Why Read It?
Examines the most common mistakes we make when spending, investing, or saving money.
Uses behavioral economics to explain these mistakes and problems, using everyday examples and scenarios.
Provides the reader with an alternative view of financial problems, and offers practical solutions and advice, with exercises in each chapter.
Why Smart People Make Big Money Mistakes and How to Correct Them explores how we spend, save or invest money, to expose the common mistakes made and how they can be avoided. Using anecdotal information, the reader is invited to assess themselves and their own actions, and offered advice and practical solutions about how to change bad habits.
Gary Belsky is a journalist for various magazines and has contributed to programs on CNN and ABC. He received the Gerald Loeb Award for Distinguished Business and Financial Journalism in 1990.
Thomas Gilovich is a Professor of Psychology at Cornell University and lectures internationally on everyday reasoning and decision-making and on the fallibility of human judgement. He has been published in various journals and magazines.
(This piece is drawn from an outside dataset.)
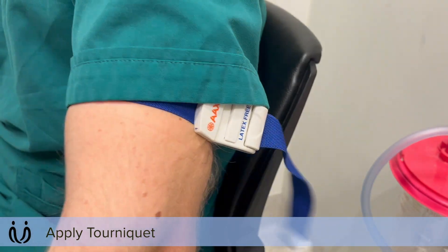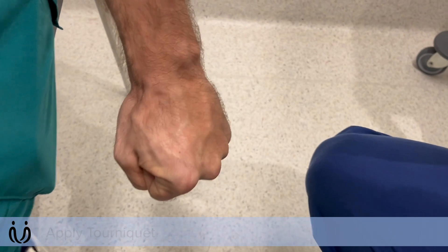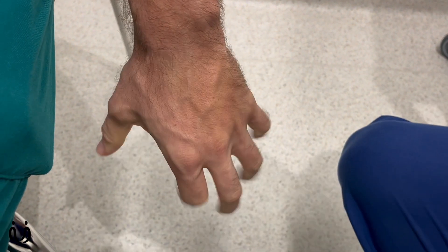Make that nice and tight. If I can just get you to dangle your arm down by the edge of the bed and clench your fist a few times — I'm just going to get your veins to stand out a bit.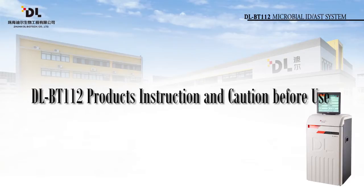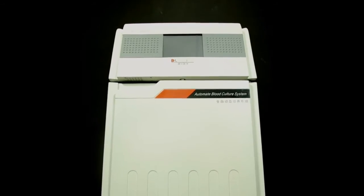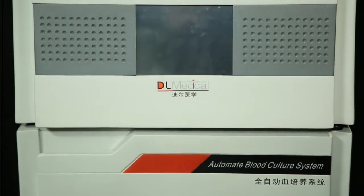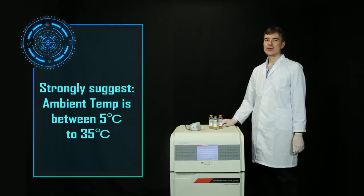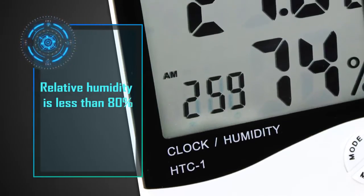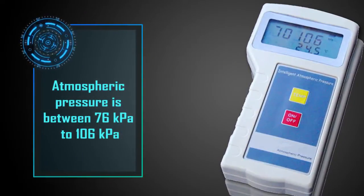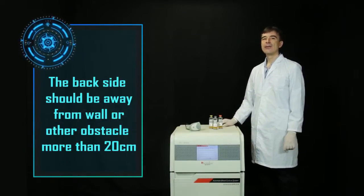Section 2: DLBT-112 product instruction and caution before use. When first opening the packaging, please handle the instrument upright according to the sign to avoid damage — do not knock or pry. The automated blood culture detection system requires a clean environment. Avoid direct sunlight and do not direct air conditioner airflow at the instrument. Ambient temperature should be between 5°C to 35°C, relative humidity less than 80%, and atmospheric pressure between 76 kPa to 106 kPa. The back side should be kept more than 20 centimeters from walls or other obstacles.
Offers practical advice for correcting money mistakes and gives the reader the information required to then decide how to act.
A self-help book for the ordinary investor, it focuses on everyday money matters such as credit card use and consumer buying patterns.
Requires no prior knowledge of financial matters, but is intended to benefit those who find dealing with money difficult.
Uses an easy-to-understand psychological approach to understand and explain a range of different financial situations.
Written as a personal view using the work of recognised psychologists as support material.
Introduces the work of other economists and psychologists, such as Amos Tversky and Daniel Kahneman, to a wider, non-specialist audience.
Focuses more on human behavior than the specifics of money management, and helps get the balance right in how we control our finances.
Provides practical advice for consumers, rather than theory for academics.
“By examining how economics came to be linked with psychology…you’ll be much better prepared to grasp how behavioral economics can help improve your finances.”
“…there’s one realm where behavioral economics has yet to achieve prominence and it may be the most important; in the minds of typical consumers, borrowers, savers, spenders and investors.”
“Don’t expect miracles or overnight transformations. Expect instead to learn some things about yourself, some things about the ways in which you make decisions in general and about money in particular.”